[What is being asked]
Report each line of the data that contains the string "equal".
___ Data extract ___
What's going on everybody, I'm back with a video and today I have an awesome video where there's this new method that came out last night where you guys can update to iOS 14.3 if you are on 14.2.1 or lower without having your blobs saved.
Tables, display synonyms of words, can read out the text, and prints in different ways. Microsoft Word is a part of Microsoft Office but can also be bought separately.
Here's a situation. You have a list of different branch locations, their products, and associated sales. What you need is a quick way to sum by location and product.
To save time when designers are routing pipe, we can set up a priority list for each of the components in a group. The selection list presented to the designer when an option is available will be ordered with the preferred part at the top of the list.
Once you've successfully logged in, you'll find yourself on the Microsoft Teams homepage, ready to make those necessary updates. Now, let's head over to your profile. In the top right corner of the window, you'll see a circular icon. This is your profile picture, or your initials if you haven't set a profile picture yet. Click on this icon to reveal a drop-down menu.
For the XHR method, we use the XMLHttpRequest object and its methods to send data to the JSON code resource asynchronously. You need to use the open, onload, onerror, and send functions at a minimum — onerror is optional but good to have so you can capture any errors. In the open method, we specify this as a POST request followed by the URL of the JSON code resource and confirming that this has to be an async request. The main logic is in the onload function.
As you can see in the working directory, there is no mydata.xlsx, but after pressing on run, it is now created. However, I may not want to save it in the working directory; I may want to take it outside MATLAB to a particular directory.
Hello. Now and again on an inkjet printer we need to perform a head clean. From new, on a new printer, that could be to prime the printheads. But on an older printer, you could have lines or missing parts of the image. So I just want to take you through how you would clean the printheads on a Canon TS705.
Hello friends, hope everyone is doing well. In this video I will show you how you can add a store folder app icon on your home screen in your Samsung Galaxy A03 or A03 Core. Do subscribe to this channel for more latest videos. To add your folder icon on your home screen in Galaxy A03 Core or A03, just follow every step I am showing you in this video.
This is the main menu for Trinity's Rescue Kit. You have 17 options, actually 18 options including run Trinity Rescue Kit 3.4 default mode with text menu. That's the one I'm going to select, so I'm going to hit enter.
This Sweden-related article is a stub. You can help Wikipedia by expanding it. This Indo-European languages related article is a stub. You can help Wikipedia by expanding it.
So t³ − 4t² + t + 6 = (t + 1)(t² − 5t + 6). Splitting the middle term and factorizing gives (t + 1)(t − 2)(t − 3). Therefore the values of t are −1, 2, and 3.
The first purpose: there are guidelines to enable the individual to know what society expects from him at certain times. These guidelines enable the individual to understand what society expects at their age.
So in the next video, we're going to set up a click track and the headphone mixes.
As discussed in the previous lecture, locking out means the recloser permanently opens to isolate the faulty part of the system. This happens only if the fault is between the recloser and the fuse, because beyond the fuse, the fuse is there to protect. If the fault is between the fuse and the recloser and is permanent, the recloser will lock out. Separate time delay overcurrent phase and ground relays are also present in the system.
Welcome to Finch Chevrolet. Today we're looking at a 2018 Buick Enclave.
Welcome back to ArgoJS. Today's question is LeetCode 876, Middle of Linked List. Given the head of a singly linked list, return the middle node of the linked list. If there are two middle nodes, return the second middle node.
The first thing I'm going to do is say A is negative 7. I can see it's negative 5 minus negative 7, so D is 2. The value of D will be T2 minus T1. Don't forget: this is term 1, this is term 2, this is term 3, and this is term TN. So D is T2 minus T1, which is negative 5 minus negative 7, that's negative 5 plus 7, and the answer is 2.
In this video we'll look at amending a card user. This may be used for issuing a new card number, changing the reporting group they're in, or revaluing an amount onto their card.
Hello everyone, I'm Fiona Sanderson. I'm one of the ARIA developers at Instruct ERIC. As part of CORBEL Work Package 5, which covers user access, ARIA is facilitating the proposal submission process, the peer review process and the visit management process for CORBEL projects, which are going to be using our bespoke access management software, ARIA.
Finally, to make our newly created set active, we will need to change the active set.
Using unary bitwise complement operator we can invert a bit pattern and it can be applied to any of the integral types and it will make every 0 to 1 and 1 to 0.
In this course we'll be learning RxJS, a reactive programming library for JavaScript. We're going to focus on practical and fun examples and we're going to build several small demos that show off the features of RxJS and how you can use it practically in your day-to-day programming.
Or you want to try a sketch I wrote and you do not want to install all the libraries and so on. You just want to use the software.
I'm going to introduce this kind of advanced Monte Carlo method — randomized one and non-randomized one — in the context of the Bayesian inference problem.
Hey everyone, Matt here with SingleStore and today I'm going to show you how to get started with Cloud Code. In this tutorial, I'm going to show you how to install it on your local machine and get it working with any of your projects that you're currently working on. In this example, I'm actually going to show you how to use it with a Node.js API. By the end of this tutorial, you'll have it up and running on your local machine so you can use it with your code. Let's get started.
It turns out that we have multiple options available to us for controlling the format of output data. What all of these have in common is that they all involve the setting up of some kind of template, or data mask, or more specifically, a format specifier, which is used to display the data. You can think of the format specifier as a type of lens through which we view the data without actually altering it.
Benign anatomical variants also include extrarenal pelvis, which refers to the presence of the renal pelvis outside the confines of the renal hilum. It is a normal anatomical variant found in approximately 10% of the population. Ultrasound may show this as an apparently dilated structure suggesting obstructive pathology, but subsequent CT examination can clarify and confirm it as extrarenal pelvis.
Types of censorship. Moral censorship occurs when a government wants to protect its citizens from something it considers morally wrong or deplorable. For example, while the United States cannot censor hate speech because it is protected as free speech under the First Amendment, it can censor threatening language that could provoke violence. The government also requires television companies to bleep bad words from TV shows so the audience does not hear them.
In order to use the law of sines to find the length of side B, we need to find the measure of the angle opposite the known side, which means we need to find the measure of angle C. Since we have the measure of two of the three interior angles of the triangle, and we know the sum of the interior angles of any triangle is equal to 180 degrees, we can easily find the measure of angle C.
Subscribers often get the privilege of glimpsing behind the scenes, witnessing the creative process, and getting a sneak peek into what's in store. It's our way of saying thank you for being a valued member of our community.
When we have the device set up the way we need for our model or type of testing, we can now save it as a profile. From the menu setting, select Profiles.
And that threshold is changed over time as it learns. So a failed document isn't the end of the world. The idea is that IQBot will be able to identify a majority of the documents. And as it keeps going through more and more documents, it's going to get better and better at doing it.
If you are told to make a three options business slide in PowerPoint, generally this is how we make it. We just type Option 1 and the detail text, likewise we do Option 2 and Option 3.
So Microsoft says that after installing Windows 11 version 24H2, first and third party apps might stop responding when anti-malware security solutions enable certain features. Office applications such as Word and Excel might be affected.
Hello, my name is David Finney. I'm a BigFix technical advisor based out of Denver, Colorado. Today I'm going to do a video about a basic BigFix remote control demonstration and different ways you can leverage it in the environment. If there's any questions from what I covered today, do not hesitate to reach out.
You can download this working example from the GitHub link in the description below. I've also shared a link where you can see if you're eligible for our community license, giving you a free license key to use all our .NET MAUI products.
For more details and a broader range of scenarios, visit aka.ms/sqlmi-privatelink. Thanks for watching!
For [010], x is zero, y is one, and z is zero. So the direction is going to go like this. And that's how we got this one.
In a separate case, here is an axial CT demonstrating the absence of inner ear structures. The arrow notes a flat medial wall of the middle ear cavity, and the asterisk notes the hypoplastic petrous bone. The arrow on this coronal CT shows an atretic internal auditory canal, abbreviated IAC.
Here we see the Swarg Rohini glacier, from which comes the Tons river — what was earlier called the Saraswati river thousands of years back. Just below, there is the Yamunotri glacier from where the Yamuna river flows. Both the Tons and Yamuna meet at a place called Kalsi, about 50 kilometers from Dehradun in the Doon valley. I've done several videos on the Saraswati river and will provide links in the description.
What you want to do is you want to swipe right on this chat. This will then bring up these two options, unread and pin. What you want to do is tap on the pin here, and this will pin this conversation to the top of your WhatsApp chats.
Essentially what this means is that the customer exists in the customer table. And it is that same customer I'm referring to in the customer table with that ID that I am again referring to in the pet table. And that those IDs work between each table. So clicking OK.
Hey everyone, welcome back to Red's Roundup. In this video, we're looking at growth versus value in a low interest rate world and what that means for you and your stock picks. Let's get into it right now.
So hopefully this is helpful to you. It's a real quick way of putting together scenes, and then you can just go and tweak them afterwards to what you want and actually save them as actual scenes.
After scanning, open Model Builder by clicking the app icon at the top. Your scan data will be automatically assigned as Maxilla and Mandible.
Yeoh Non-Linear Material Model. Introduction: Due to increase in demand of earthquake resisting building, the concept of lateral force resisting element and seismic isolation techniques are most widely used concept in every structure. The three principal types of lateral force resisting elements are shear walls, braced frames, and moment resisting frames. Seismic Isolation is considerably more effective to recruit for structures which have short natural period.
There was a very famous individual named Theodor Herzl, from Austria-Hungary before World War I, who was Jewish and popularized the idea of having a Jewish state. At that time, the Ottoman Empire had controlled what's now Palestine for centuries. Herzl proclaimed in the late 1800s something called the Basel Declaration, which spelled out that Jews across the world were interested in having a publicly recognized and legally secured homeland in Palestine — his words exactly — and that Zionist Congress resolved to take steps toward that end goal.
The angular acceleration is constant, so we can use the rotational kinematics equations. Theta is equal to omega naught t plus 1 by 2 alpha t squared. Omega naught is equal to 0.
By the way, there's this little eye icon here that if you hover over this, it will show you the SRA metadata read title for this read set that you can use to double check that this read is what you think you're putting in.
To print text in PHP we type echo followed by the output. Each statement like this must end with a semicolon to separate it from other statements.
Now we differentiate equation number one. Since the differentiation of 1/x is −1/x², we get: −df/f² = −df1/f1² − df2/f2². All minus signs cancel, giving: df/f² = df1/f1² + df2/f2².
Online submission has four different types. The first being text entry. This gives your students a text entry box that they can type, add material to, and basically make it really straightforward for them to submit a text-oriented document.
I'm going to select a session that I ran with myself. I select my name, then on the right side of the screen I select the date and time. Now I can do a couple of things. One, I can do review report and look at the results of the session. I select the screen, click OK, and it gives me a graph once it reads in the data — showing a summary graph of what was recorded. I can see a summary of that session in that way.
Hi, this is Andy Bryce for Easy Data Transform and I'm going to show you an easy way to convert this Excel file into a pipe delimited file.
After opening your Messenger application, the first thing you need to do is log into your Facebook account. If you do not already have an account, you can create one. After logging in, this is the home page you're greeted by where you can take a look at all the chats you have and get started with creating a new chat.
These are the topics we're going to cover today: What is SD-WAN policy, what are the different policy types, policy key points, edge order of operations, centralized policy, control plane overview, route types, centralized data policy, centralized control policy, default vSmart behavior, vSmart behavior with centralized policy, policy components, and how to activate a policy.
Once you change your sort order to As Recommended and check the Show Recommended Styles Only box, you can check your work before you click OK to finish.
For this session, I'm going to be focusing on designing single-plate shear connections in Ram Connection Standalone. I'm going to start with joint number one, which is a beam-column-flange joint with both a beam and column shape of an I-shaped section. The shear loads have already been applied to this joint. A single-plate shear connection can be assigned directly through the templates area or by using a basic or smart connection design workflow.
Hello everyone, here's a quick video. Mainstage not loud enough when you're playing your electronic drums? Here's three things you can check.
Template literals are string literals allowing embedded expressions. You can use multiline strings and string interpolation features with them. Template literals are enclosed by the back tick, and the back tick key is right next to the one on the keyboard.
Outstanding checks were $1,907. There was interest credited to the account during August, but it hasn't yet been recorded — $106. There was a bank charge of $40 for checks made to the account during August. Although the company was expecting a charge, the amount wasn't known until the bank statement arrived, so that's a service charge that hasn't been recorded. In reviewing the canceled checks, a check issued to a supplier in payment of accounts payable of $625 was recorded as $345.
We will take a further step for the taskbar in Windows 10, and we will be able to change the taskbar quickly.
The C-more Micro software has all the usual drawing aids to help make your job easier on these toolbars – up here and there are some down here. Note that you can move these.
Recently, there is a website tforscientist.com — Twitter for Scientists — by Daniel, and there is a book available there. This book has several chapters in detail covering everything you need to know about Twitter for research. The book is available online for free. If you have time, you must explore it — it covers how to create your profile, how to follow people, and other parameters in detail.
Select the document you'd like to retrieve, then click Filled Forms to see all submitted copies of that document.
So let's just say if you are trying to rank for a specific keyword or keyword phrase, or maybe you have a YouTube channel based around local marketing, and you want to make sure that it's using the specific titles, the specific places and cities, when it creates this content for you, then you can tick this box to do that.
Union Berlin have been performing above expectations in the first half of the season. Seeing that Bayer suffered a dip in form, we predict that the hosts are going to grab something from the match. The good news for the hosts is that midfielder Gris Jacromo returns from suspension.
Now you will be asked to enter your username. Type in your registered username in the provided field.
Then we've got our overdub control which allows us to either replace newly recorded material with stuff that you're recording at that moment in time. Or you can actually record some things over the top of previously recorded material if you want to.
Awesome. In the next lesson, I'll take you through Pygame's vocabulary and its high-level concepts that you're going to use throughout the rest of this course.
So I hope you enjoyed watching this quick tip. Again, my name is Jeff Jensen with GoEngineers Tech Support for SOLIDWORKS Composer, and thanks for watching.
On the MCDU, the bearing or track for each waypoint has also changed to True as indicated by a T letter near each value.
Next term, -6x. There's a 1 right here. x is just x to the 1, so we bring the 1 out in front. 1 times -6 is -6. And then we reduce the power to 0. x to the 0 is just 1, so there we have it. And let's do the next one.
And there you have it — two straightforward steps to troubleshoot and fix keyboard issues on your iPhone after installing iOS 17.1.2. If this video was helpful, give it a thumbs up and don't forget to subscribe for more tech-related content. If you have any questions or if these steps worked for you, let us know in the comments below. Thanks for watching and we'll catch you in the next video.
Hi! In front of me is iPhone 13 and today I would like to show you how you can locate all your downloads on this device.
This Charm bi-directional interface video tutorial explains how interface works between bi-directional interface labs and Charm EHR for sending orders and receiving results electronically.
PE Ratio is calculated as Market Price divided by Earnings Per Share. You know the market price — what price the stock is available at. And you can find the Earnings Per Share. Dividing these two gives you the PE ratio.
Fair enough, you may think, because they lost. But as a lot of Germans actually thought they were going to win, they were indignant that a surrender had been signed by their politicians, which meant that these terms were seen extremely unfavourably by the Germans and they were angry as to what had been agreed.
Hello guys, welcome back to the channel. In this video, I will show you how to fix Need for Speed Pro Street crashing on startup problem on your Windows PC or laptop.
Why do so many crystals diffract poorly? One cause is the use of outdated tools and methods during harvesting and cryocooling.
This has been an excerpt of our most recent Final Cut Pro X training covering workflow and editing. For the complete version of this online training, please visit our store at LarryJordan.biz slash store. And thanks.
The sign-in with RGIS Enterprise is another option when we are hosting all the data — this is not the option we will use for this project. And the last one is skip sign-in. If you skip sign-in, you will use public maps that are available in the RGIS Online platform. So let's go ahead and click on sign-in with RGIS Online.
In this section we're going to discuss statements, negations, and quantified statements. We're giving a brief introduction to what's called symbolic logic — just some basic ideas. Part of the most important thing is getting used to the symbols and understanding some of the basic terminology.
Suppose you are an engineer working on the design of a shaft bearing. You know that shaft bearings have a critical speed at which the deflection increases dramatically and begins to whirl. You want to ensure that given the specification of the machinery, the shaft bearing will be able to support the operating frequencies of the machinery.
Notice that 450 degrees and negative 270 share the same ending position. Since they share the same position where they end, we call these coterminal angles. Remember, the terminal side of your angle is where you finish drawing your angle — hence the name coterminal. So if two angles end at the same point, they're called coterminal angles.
___
[Answer to the problem]
In order to use the law of sines to find the length of side B, we need to find the measure of the angle opposite the known side, which means we need to find the measure of angle C. Since we have the measure of two of the three interior angles of the triangle, and we know the sum of the interior angles of any triangle is equal to 180 degrees, we can easily find the measure of angle C.
The angular acceleration is constant, so we can use the rotational kinematics equations. Theta is equal to omega naught t plus 1 by 2 alpha t squared. Omega naught is equal to 0.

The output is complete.